# EXERCISE GOAL
Beginning with the line of the entries below that holds "Geschenk Set Raysin" and ending with the line that holds "Carbohydrate-rich oatmeal for", transcribe each line exactly as written. Pictures stay out.

# DATA TO USE

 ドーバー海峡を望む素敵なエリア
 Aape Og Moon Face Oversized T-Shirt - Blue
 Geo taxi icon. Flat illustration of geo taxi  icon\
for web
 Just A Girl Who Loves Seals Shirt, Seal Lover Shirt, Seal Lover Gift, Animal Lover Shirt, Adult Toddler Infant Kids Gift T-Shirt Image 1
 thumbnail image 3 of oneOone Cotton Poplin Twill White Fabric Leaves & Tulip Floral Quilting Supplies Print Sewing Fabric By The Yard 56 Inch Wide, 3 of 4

* * *

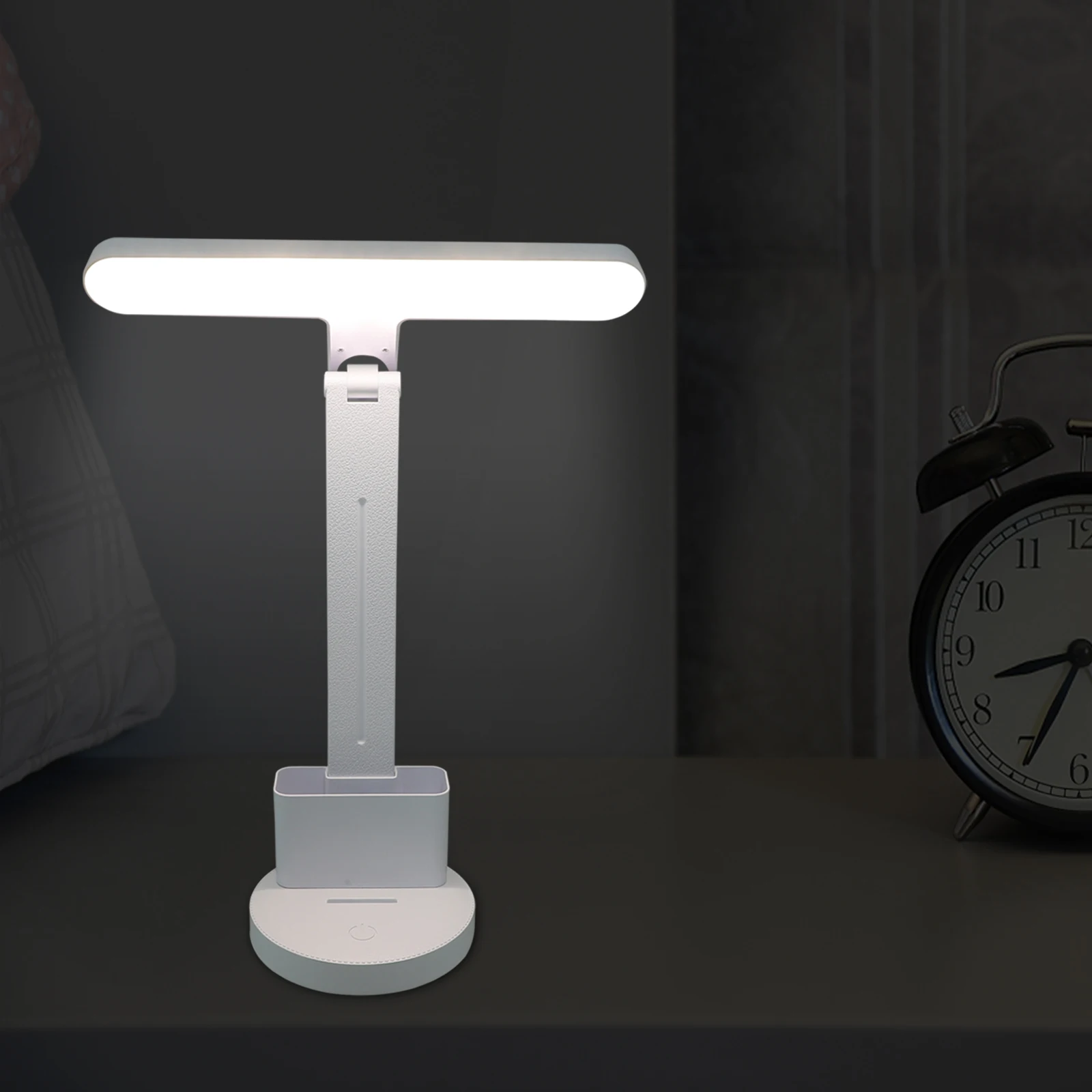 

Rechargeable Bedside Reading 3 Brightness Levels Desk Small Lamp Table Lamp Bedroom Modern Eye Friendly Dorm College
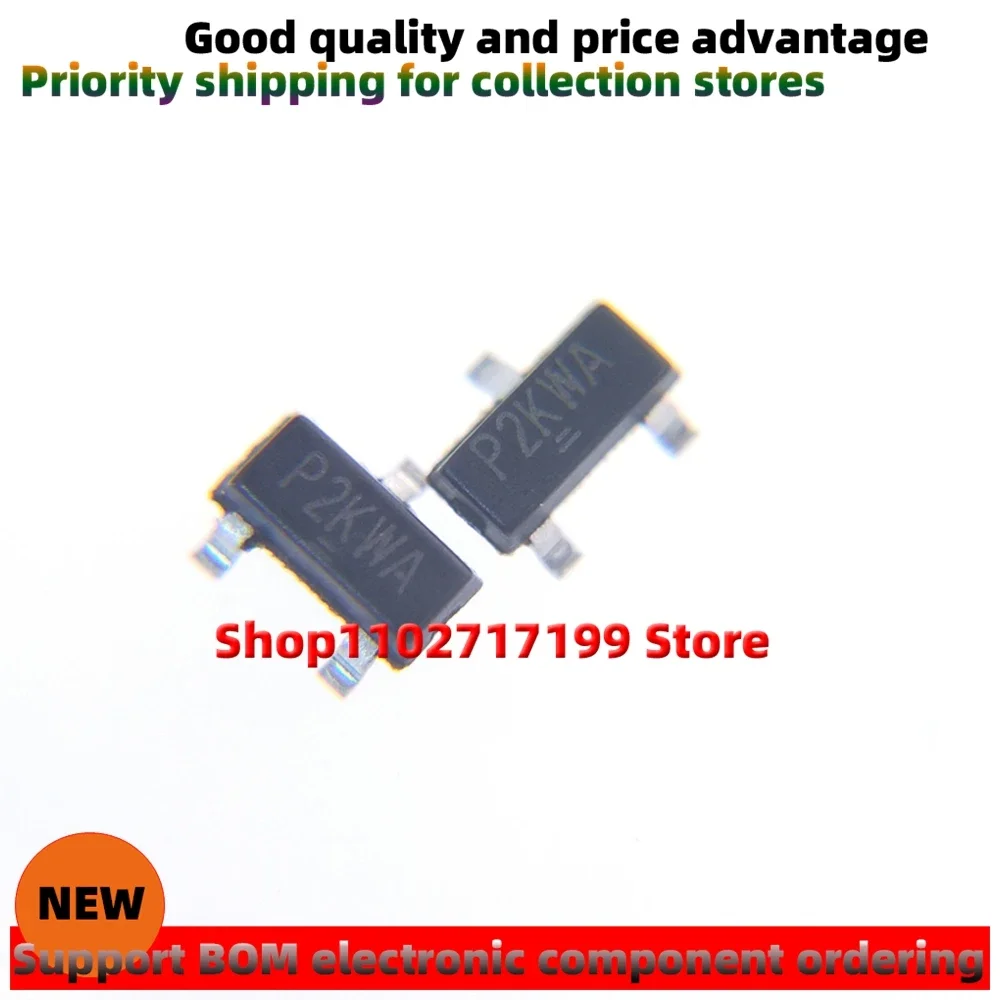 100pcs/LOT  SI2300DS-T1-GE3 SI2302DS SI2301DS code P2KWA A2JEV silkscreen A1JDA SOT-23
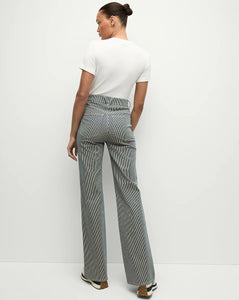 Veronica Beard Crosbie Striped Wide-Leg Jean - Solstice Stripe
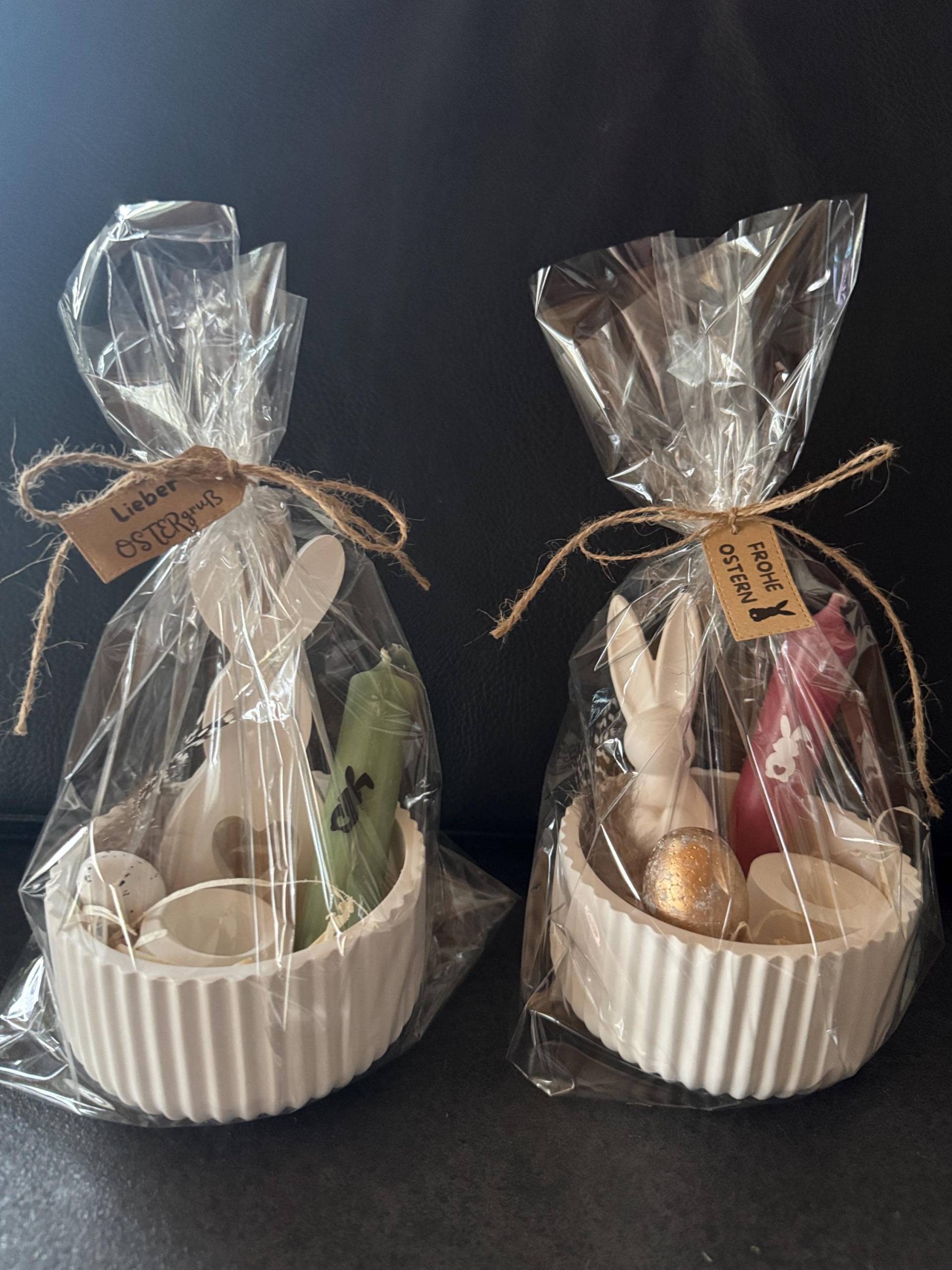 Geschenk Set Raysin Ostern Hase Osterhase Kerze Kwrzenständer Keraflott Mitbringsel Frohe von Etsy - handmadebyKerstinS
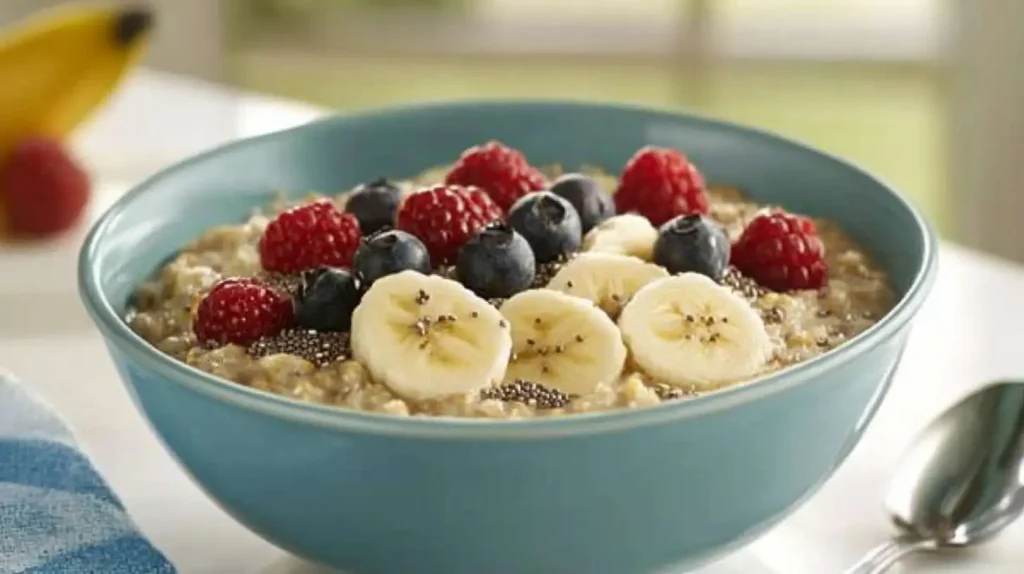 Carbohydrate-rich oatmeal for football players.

--

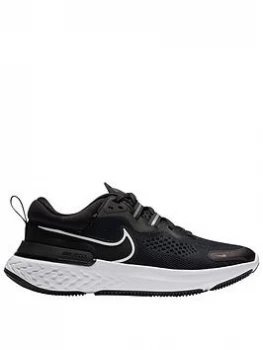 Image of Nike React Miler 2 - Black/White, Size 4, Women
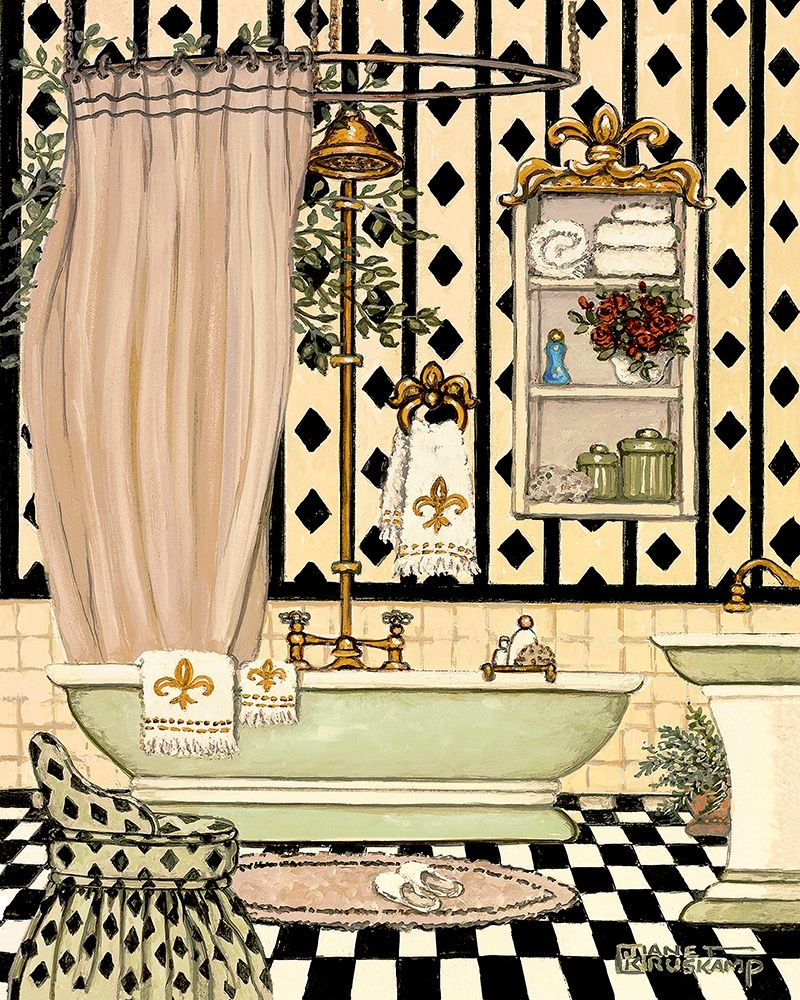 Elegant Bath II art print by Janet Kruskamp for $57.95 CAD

# RESULT
 Geschenk Set Raysin Ostern Hase Osterhase Kerze Kwrzenständer Keraflott Mitbringsel Frohe von Etsy - handmadebyKerstinS
 Carbohydrate-rich oatmeal for football players.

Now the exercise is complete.